(DATASET CONTENT Opens)

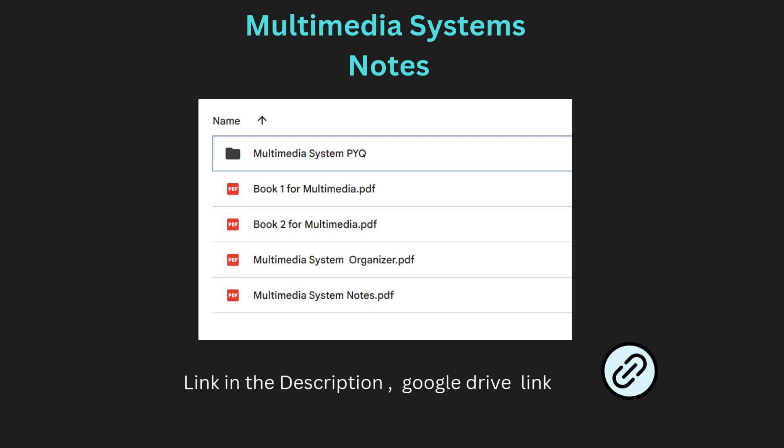Welcome to today's video. In this session, I will be sharing the detailed and concise notes for the entire Multimedia System subject. These notes are designed to make your learning journey easier and more effective. Whether you are revising for an exam or gaining an in-depth understanding, these notes will serve as a valuable resource. Each topic is explained in simple language with clear examples, ensuring you grasp the core concepts quickly.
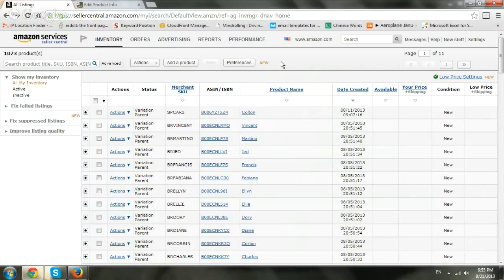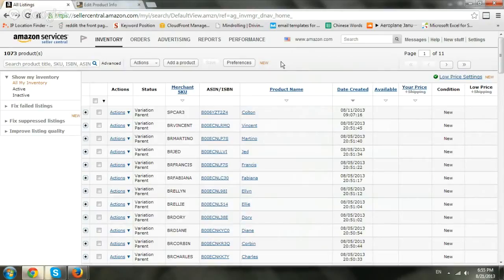If you need to change the handling time on your Amazon Seller Central account, I'll show you a quick way to do so.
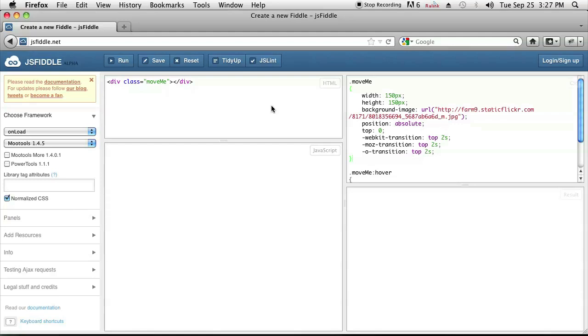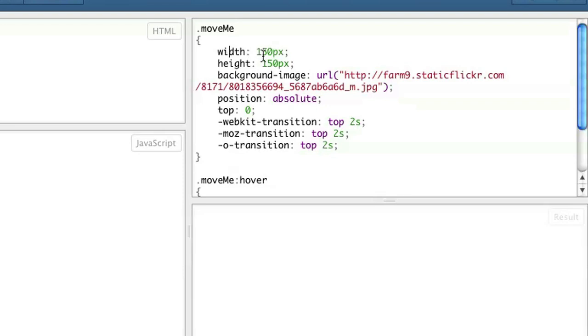So I'm over here and I made a div called MoveMe and the class name of the div is MoveMe, not the ID. And over on the right side, I put the CSS, which is I've set the width and I set the background image of the div and the position I set to absolute.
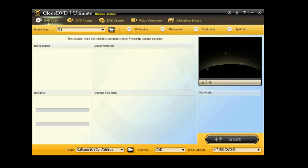Hello, today we're taking a look at CloneDVD. This is CloneDVD 7 Ultimate. This is the trial version. This is an excellent copy, fast video conversion, fluent DVD creation, and easier slideshow making software.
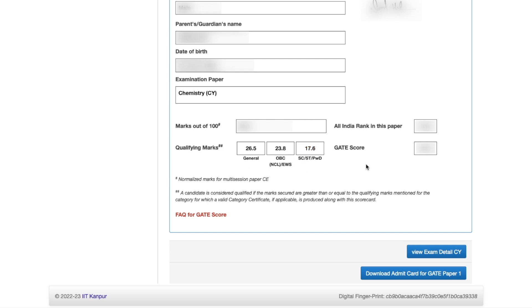For SC, ST, and PwD candidates, the cutoff is 17.6 marks. This is the cutoff that went this year. After that, it will show you how much GATE score you have got. This is your result for now. After a few days, on 21st of March, they are going to upload the scorecard.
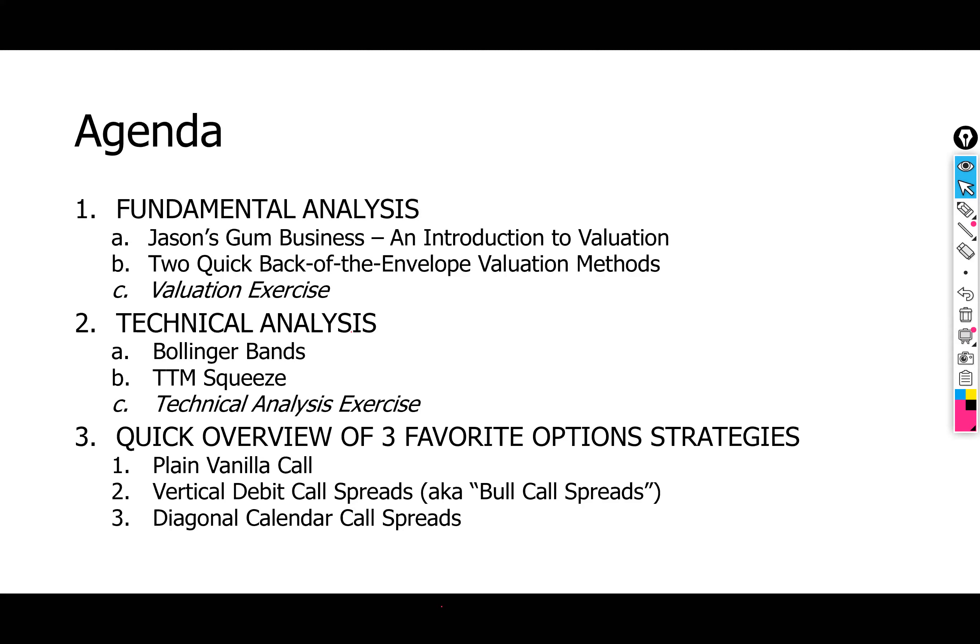I thought we'd go over a few different option strategies. In this course, these will be the three primary strategies we talk about. We can also discuss what you learn in Phil Town's course — selling cash-secured puts to decrease the cost basis of the stock you ultimately want to own. That's not a hard strategy to understand, and in future sessions we can go over that as well.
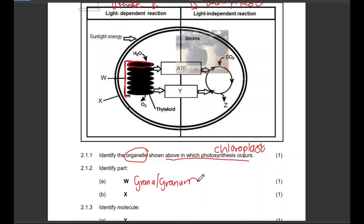Then part X — this is the membrane of the chloroplast, and we know that it is a double membrane, so X is the double membrane of the chloroplast.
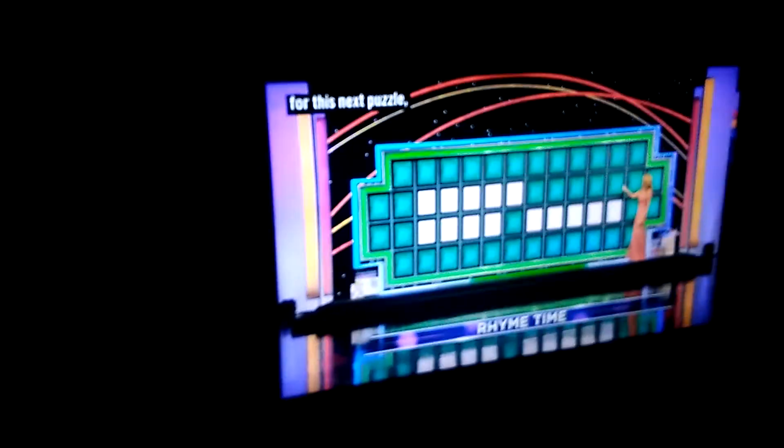Spa slippers? Yeah! Spa slippers! Alright, so he gets the three grand. Rhyme time is the category for this next puzzle, and you won the right to start, David.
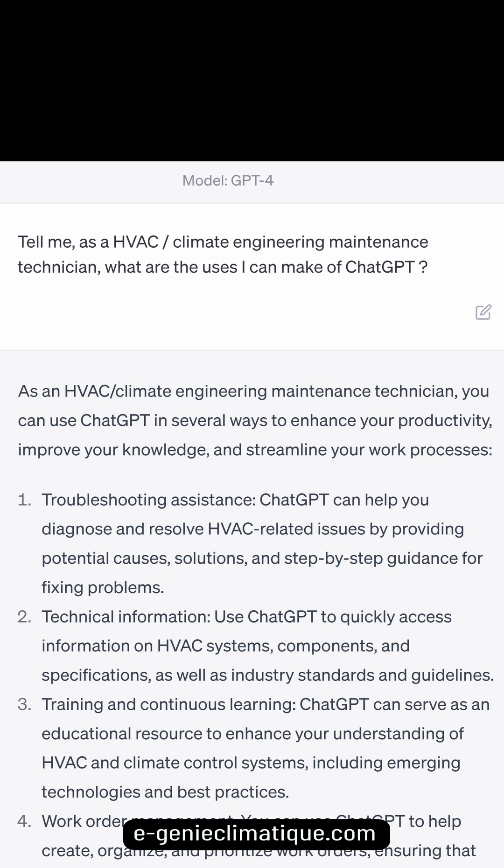Troubleshooting assistance: ChatGPT can help you diagnose and resolve HVAC-related issues by providing potential causes, solutions, and step-by-step guidance for fixing problems. Technical information: Use ChatGPT to quickly access information on HVAC systems, components, and specifications, as well as industry standards and guidelines.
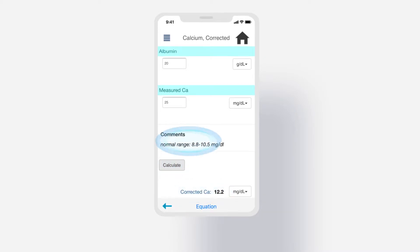Note, the comments section above the result may have helpful information. In this case, we could see we are above the normal range.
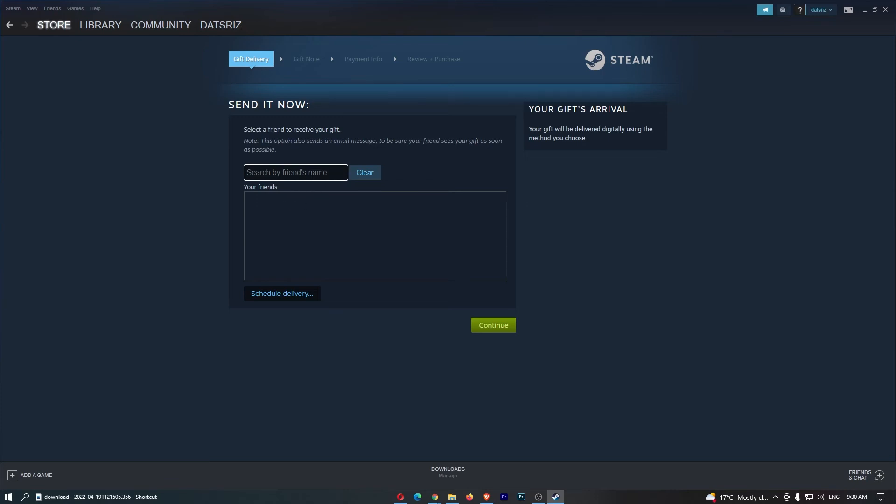So, if we actually just search, you just want to search in your friend's name right here, select your friend, go through to continue, and then you will be able to go ahead and buy this game just like normal.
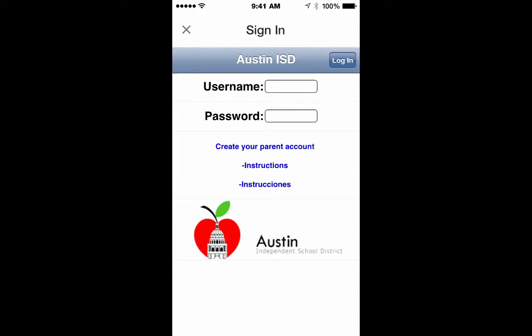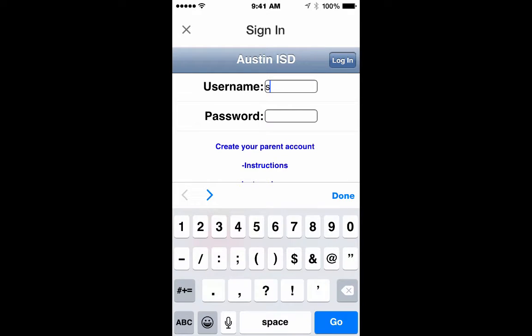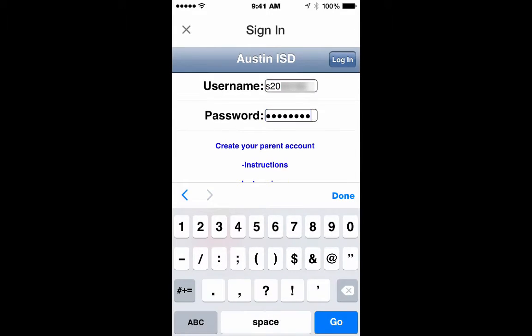You will then use your student ID number as your username to authenticate into AISD, and again the same password that you use to log in to any computer.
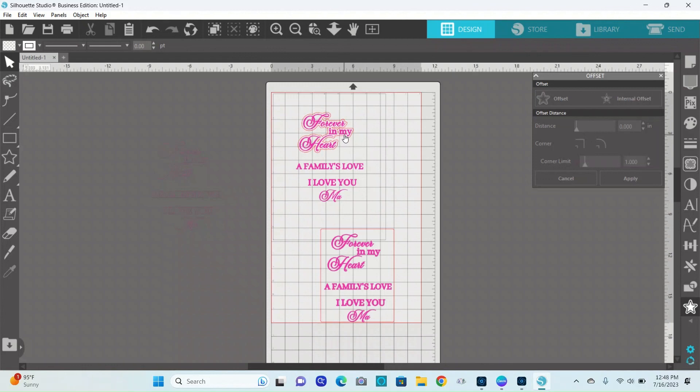Thanks for watching. I hope you find this helpful if you're having the same issue since the upgrade to 4.5 on Silhouette Studio.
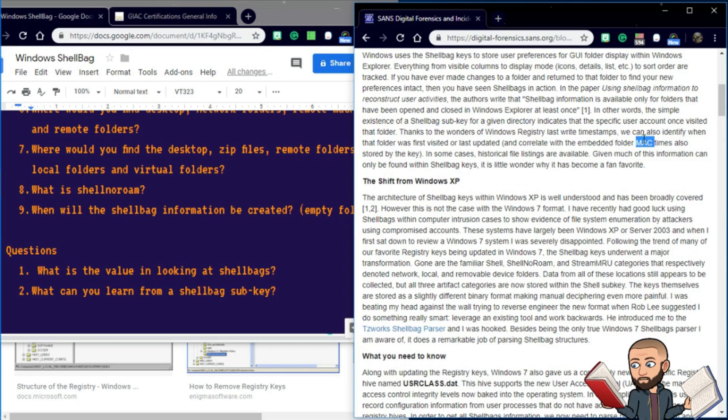And I'm sure that's not the MAC we know about in networking. In some cases, historic file listings are available, given much of the information can only be found within shell bag keys. It is little wonder why it has become a fan favorite.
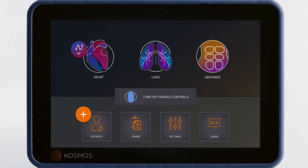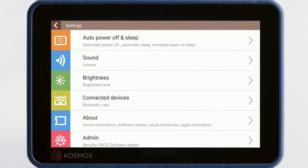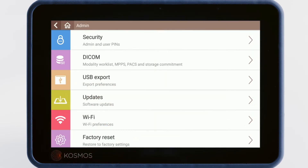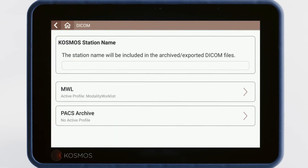To get started, tap on Settings on the home screen. Scroll down to the Admin button on the menu. In the Admin menu, select DICOM. In the DICOM screen, you can name this Cosmos' station, which will show where the images came from in the PACS system.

(DATASET CONTENT Closes)

=== TASK DESCRIPTION ===
The records above, minus their pictures, are to be returned word for word.

=== ANSWER TO THE PROBLEM ===
Welcome to today's video. In this session, I will be sharing the detailed and concise notes for the entire Multimedia System subject. These notes are designed to make your learning journey easier and more effective. Whether you are revising for an exam or gaining an in-depth understanding, these notes will serve as a valuable resource. Each topic is explained in simple language with clear examples, ensuring you grasp the core concepts quickly.
If you need to change the handling time on your Amazon Seller Central account, I'll show you a quick way to do so.
So I'm over here and I made a div called MoveMe and the class name of the div is MoveMe, not the ID. And over on the right side, I put the CSS, which is I've set the width and I set the background image of the div and the position I set to absolute.
Hello, today we're taking a look at CloneDVD. This is CloneDVD 7 Ultimate. This is the trial version. This is an excellent copy, fast video conversion, fluent DVD creation, and easier slideshow making software.
For SC, ST, and PwD candidates, the cutoff is 17.6 marks. This is the cutoff that went this year. After that, it will show you how much GATE score you have got. This is your result for now. After a few days, on 21st of March, they are going to upload the scorecard.
I thought we'd go over a few different option strategies. In this course, these will be the three primary strategies we talk about. We can also discuss what you learn in Phil Town's course — selling cash-secured puts to decrease the cost basis of the stock you ultimately want to own. That's not a hard strategy to understand, and in future sessions we can go over that as well.
Then part X — this is the membrane of the chloroplast, and we know that it is a double membrane, so X is the double membrane of the chloroplast.
Spa slippers? Yeah! Spa slippers! Alright, so he gets the three grand. Rhyme time is the category for this next puzzle, and you won the right to start, David.
Troubleshooting assistance: ChatGPT can help you diagnose and resolve HVAC-related issues by providing potential causes, solutions, and step-by-step guidance for fixing problems. Technical information: Use ChatGPT to quickly access information on HVAC systems, components, and specifications, as well as industry standards and guidelines.
Note, the comments section above the result may have helpful information. In this case, we could see we are above the normal range.
So, if we actually just search, you just want to search in your friend's name right here, select your friend, go through to continue, and then you will be able to go ahead and buy this game just like normal.
You will then use your student ID number as your username to authenticate into AISD, and again the same password that you use to log in to any computer.
Thanks for watching. I hope you find this helpful if you're having the same issue since the upgrade to 4.5 on Silhouette Studio.
And I'm sure that's not the MAC we know about in networking. In some cases, historic file listings are available, given much of the information can only be found within shell bag keys. It is little wonder why it has become a fan favorite.
To get started, tap on Settings on the home screen. Scroll down to the Admin button on the menu. In the Admin menu, select DICOM. In the DICOM screen, you can name this Cosmos' station, which will show where the images came from in the PACS system.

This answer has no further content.